Java distributed framework is a framework for distributed grid and / or volunteer computing. It's divided into a server and client library. You can create new or implement it into existing applications in no time; you don't need knowledge about network connections, sockets, etc. The Framework does almost everything automatically. It provides secure automatic client <-> server communications, unique IDs, automatic resending of jobs to new clients if needed, user stats, and much more. The client framework supports the detection of the computer's user state (idling, away, online, etc.). It also offers many other useful features and helpers for developing a distributed client application.
Makeflow is a workflow engine for executing large complex applications on clusters, clouds, and grids. It can be used to drive several different distributed computing systems, including Condor, SGE, and the included Work Queue system. It does not require a distributed filesystem, so you can use it to harness whatever collection of machines you have available. It is typically used for scaling up data-intensive scientific applications to hundreds or thousands of cores.
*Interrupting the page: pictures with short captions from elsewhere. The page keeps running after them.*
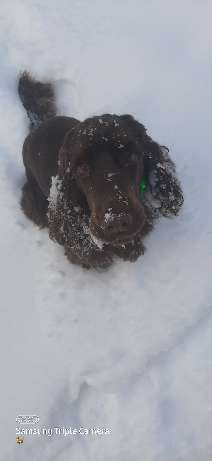 CHALLENGE NR. 19 - Der Hundeblick-Beitrag-Bild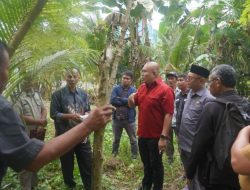 DPRD Kota Kendari Tinjau Lokasi Penutupan Jalan di Kali Mandonga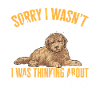 Goldendoodle Doodle Chien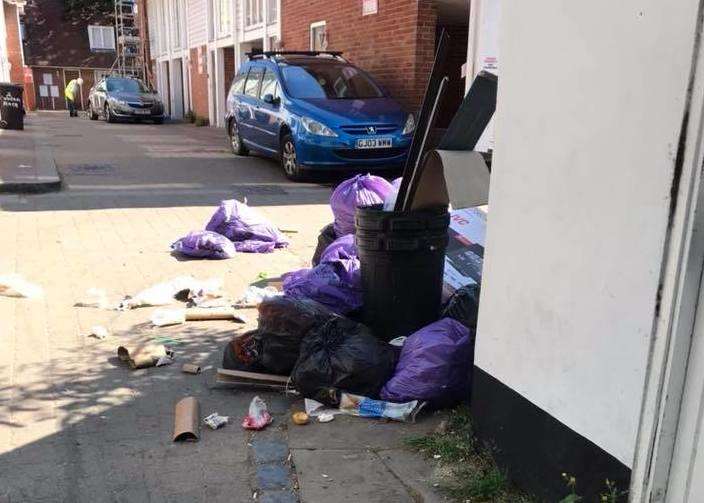 Several bin bags piled up in Cobden Place in July. Picture: Beverley Paton (7265872)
POP-C++ is a comprehensive object-oriented system for developing applications in large distributed computing infrastructures such as Grid, P2P or Clouds. It consists of a programming suite (language, compiler) and a run-time system for running POP-C++ applications. The POP-C++ language is a minimal extension of C++ that implements the parallel object model with the integration of resource requirements into distributed objects. This extension is as close as possible to standard C++ so that programmers can easily learn POP-C++ and so that existing C++ libraries can be parallelized using POP-C++ without too much effort. The POP-C++ run-time is an object-oriented open design that aims at integrating different distributed computing tool kits into an infrastructure for executing requirement-driven object-oriented applications. It uses objects to serve objects: the system provides services for executing remote objects.
Parrot and Chirp are user-level tools that make it easy to rapidly deploy wide area filesystems. Parrot is the client component: it transparently attaches to unmodified applications, and redirects their system calls to various remote servers. A variety of controls can be applied to modify the namespace and resources available to the application. Chirp is the server component: it allows an ordinary user to easily export and share storage across the wide area with a single command. A rich access control system allows users to mix and match multiple authentication types. Parrot and Chirp are most useful in the context of large scale distributed systems such as clusters, clouds, and grids where one may have limited permissions to install software.
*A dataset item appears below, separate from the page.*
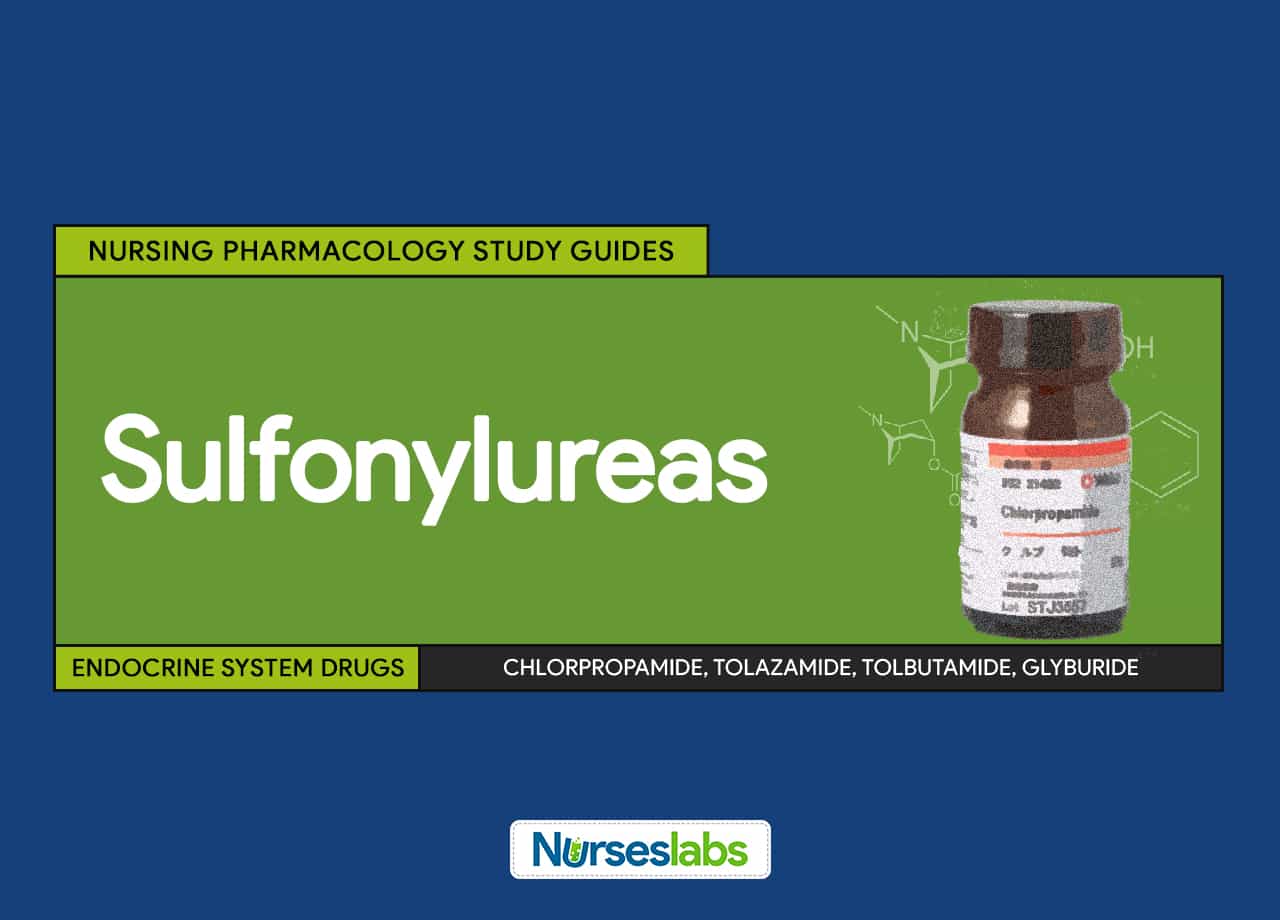 Order Micronase Drug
dispy is a Python framework for parallel execution of computations by distributing them across multiple processors in a single machine (SMP), or among many machines in a cluster or grid. The computations can be standalone programs or Python functions. dispy is well suited for the data parallel (SIMD) paradigm where a computation is evaluated with different (large) datasets independently (similar to Hadoop, MapReduce, Parallel Python). dispy features include automatic distribution of dependencies (files, Python functions, classes, modules), client-side and server-side fault recovery, scheduling of computations to specific nodes, encryption for security, sharing of computation resources if desired, and more.
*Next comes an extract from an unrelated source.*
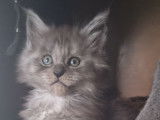 4 chatons femelles Maine Coons LOOF à réserver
Wisecracker is a high performance distributed cryptanalysis framework that leverages GPUs and multiple CPUs. It allows security researchers to write their own cryptanalysis tools that can distribute brute-force cryptanalysis work across multiple systems with multiple multi-core processors and GPUs. Security researchers can also use the sample tools provided out-of-the-box. The differentiating aspect of Wisecracker is that it uses OpenCL and MPI together to distribute the work across multiple systems, each having multiple CPUs and/or GPUs.
Hados stores files in a cluster of servers. Its goal is to handle high availability by storing copies of the same file on several nodes. It provides RESTFUL APIs to easily store, check, or retrieve files. Using the cluster APIs, you can retrieve files from whichever node hosts them. To avoid any single point of failure, it is possible to apply a request to any node of the cluster; there is no master node.